MCF10A cells were exposed to increasing doses of TGFβ, and single‐cell SMAD2 responses were recorded using a fluorescent biosensor (Strasen et al, 2018). A CNN was trained to classify SMAD2 activity trajectories according to the TGFβ dose.

1. A–C

   t‐SNE projection of the CNN latent features for the training, validation, and test sets pooled together. Trajectories representations are colored according to: the TGFβ dose (A), the DTW clusters (B), or the CNN features clusters (C). The DTW clusters are the ones of the original study (Strasen et al, 2018). CNN features were clustered using L1 distance and partitioned with hierarchical clustering and Ward linkage.

2. D, E

   Distribution of the trajectories in the CNN features clusters according to their corresponding TGFβ dose (D) and their DTW cluster (E). Same colors as in (C).

3. F

   Comparison of DTW clusters and CNN features clusters. Median trajectories for each cluster (see Materials and Methods) are reported in bold colored lines, colors matching (B) and (C), gray shade indicate interquartile range. The DTW clusters (1–6) are made of (946, 340, 200, 278, 218, 83) single‐cell trajectories, respectively. The CNN clusters (1–5) are made of (505, 429, 451, 492, 188) single‐cell trajectories, respectively. A random sample of trajectories for DTW clusters and the centroid trajectories (see Materials and Methods) for each CNN features cluster are shown.

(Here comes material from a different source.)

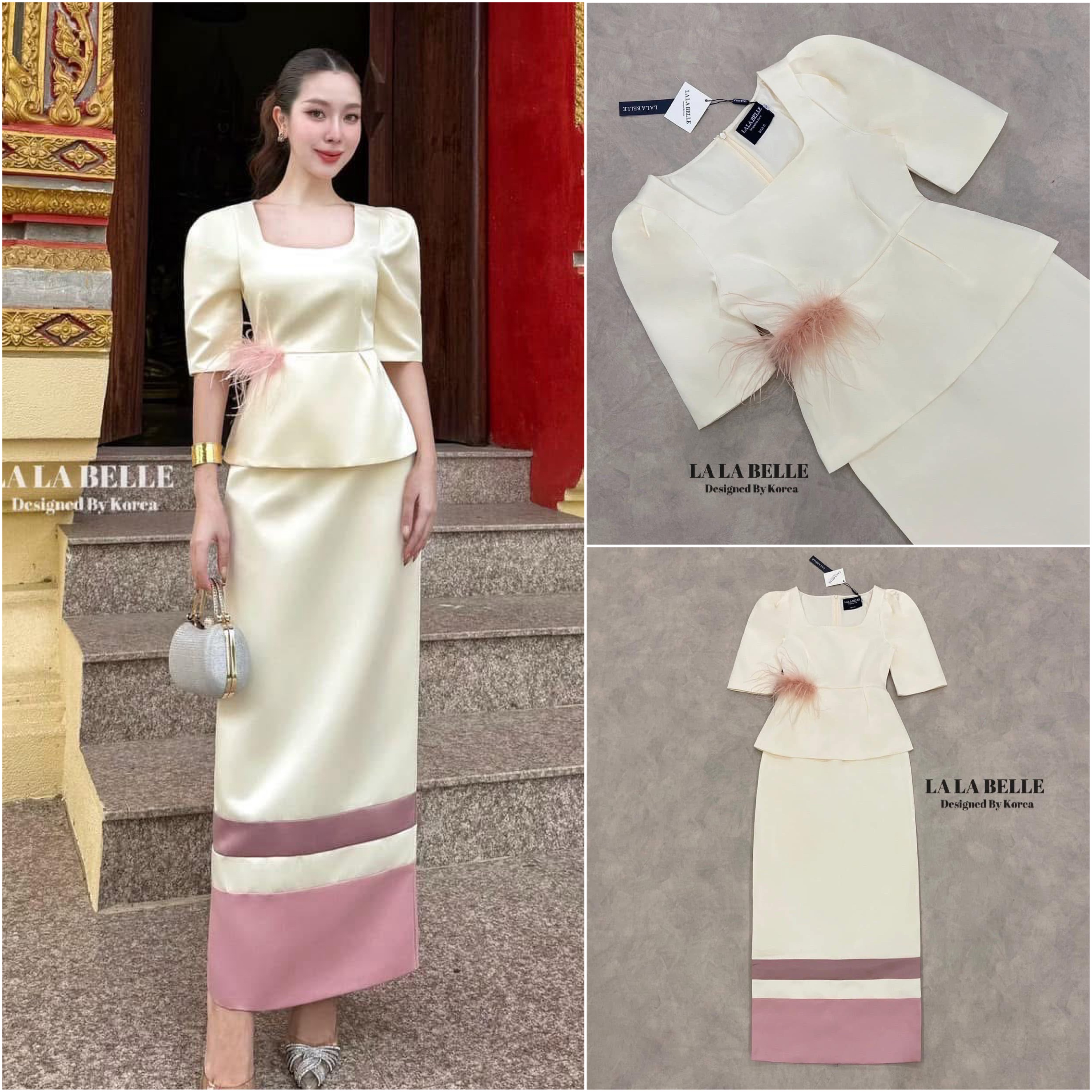 ชุดผ้าไทย ใส่เข้าวัดทำบุญ เซต2ชิ้นผ้าไหมอิตตาลีมีความเงาๆนิดหน่อยเสื้อคอเหลี่ยมแขนสามส่วนเอวเข้ารูปด้านข้างแต่งขนนกสีชมพูอ่อนๆตัดกับสีชุดครีมชายเสื้อระบายใส่คู่กระโปรงยาวทรงสอบแต่งแถบชายกระโปรงด้านหลังกระโปรงผ้ามีซับในอัดกาวทั้งชุด ใส่สบาย : สินค้าคุณภาพ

Figure 5. CODEX identifies cell line‐specific p53 responses under increasing ionizing radiation doses

12 different cell lines were exposed to five doses of ionizing radiations, and single‐cell p53 responses were reported using a fluorescent reporter (Stewart‐Ornstein & Lahav, 2017). A CNN was trained to recognize the combination of cell line and radiation dose from p53 trajectories (i.e., one out of 60 classes; see Materials and Methods and Appendix Note 4).

1. A–C

   t‐SNE projection of the CNN features for the training, validation, and sets pooled together. Trajectories representation is colored according to: the cell lines (A), the ionizing radiation doses (B), or the CNN features clusters (C). The p53 trajectories were clustered according to their standardized CNN features with L1 distance and partitioned with hierarchical clustering and Ward linkage.

2. D

   Representative p53 trajectories of the clusters identified using CNN features clustering. Median trajectories are reported in bold colored lines, colors matching (C), gray shade indicates interquartile range. The CNN clusters (1–6) are made of (767, 554, 486, 574, 746, 698) single‐cell trajectories, respectively. Data are pooled from two to three replicates for each cell line. Individual traces indicate the medoid p53 single‐cell trajectories for each cluster (see Materials and Methods).

3. E

   Distribution of the trajectories in the CNN feature clusters according to cell lines and ionizing radiation doses. Same colors as in (C).

4. F

   Most abundant CNN features cluster for all trajectories in each combination of cell line and radiation dose combinations. The color of the dot indicates the most abundant cluster; the size of the dot indicates the proportion of cells classified in the indicated cluster. Same colors as in (C).